勇者「そうだなぁ…何者かって言われると勇ましき者、勇者ってところかな」

男「!!」

ー男が驚いた様な顔で、俺を見てくる

男「こんな…ガキが…か」

勇者「あぁ、こんなガキがだよ」

男「…」

男「」

ー男は絶望した顔で、息絶えた。

勇者「はぁ…30分は無駄にしたな、しかもこんな事があって、ましてや死人が出たのに誰も居ないとはな」

勇者(つまんねぇな)

勇者「一旦帰るか…」

ー俺は短剣をその場に捨て、誰も居ない城下街を去った


7 : 以下、名無しが深夜にお送りします :2016/06/18(土) 02:46:08 0EyeEDfI

魔王以前の問題だな人類


8 : 以下、名無しが深夜にお送りします :2016/06/18(土) 20:44:12 oQkQALt6
〜〜始まりの街 外れの洞穴〜〜

勇者「はぁ…街であれじゃ世も末ってやつだな」

勇者(後でまた、街に戻って酒場でも行くか)

勇者「くっそ…もう治ってやがる…気色悪ぃ…」

ー俺は短剣を刺された筈ねその場所に手を触れる。
しかし、そこには傷は無くただ衣服に穴が開いてるだけだった…

勇者「生命の女神の祝福ね…」

ーこの世には様々な女神が存在する。
闘いの女神は、力の象徴。
博愛の女神は、守りの象徴。
勤勉の女神は、知恵の象徴。
そして、生命の女神は…

本来なら存在しない。


9 : 以下、名無しが深夜にお送りします :2016/06/18(土) 20:57:41 oQkQALt6
ー他にも女神達は存在している、日常に関わる女神達だ。
豊穣の女神達。
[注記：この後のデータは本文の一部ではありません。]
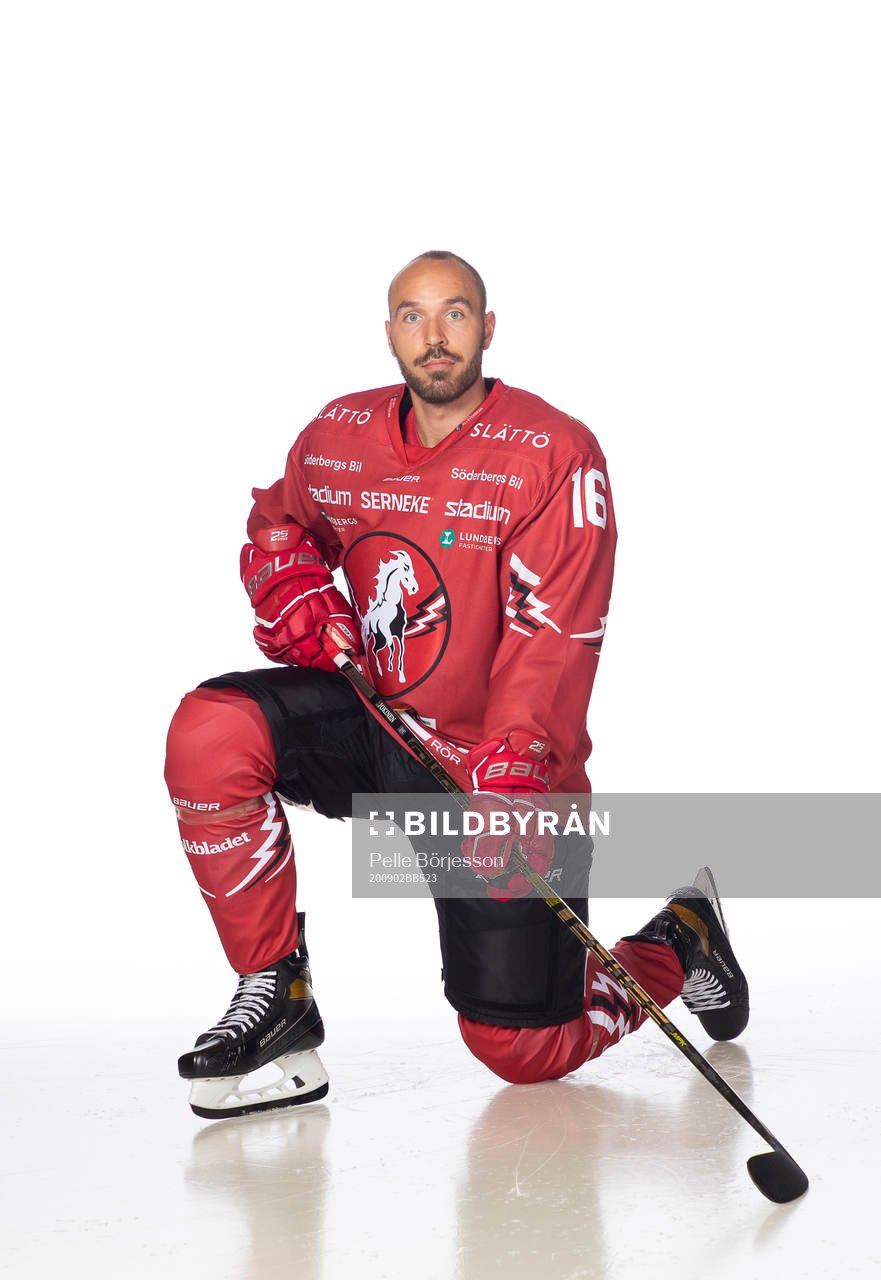 Vita Hästens Jaakko Jokinen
太陽の女神、変風の女神、四季の女神、雨雲の女神。

こちらにも、生命の女神は存在しない。

生命の女神とは一体…

勇者「ま、難しい事はわかんねぇや」(祝福とは言われてもな)

勇者「俺にとっちゃ何をしても死ねない地獄の呪いだ…くそっ」


10 : 以下、名無しが深夜にお送りします :2016/06/18(土) 23:01:09 zdeCIZyU
これは期待


11 : ≫1 :2016/06/18(土) 23:56:23 oQkQALt6
勇者「少し休んでから街に戻るか…」

ー俺は椅子に腰掛け、一息ついた。

勇者(街に行って、酒場で旅を同行してくれる仲間を見つけないとな…)

ー魔王討伐の旅。決して楽ではない…
街はほぼ閉鎖状態で外部との接点が無い

勇者「飢えや欲ってのは、人間を人間じゃなくするのかもしれないな…」

ー街で襲いかかってきた男、あいつは金に飢えてた。
恐らく、食い物か酒を買う為だろう。

勇者(もうこの街も終わりだろうな)

ーそんな事を考えながら俺は、眠りについてしまった。


12 : 以下、名無しが深夜にお送りします :2016/06/19(日) 00:01:29 GTJVUqRA
教会での復活の儀式を省略してノンタイム回復復活か…


13 : ≫1 :2016/06/19(日) 00:11:59 LGEflEiU
ー物音がする…近いな。
5メートル、3メートル…いや、もっとか。

勇者「誰だ、人の家に無断で上がり込みやがって」

男2「いやぁ、家ってかどう見ても洞穴でしょ」

勇者(左右の腰に剣、街の者か?…)「お前、何しに来た」

男2「俺の名前は盗賊、別にお前を殺しに来たり金品かっぱらおうって訳じゃねぇよ」

勇者(盗賊…か武器を構える様子もないし、事実の様だな)

盗賊「雨降って来ちゃってさぁ、雨宿りさせてくんね?」

ーそういうと、盗賊は外を指差した。
雨が轟々と降っている。

盗賊「ありゃりゃ、こりゃ豪雨だねぇ…女神様が泣いてるのかなぁ?」

ー盗賊が俺を見ながら、少しニヤついた。

盗賊「まるで誰かが死んだ事に嘆き、血を洗い流してるみたいだなぁ」


14 : ≫1 :2016/06/19(日) 00:26:42 LGEflEiU
ー冷たい眼差しを送られる。
まるで腹の底を握られた感覚になる。

勇者「お前…何が言いたい」

盗賊「そうだなぁ…言ったら仕事の代行ありがとさん、晴れて殺し屋おめでとう。ってか?」

勇者(代行?殺し屋?何言ってるんだこいつは)

盗賊「あいつは、俺が狙ってた奴でねぇ探してたんだよ」

勇者「そして、俺が殺したのをどこかで見た…って事か?」

盗賊「正確には違うが…ま、そういうこったな」

ー盗賊はケタケタと掠れた声で笑った。

勇者「で、お前は俺に何がしたい」

盗賊「お、そうだったなぁ」

ー盗賊が、腰に下げている両方の剣を抜いた。

勇者(何を要求してくる…?)

盗賊「お前の旅の仲間に入れてくれ!」

ー盗賊はそういうと、両方の剣を俺に差し出してきた。


15 : 以下、名無しが深夜にお送りします :2016/06/19(日) 01:06:41 1TDCUKG.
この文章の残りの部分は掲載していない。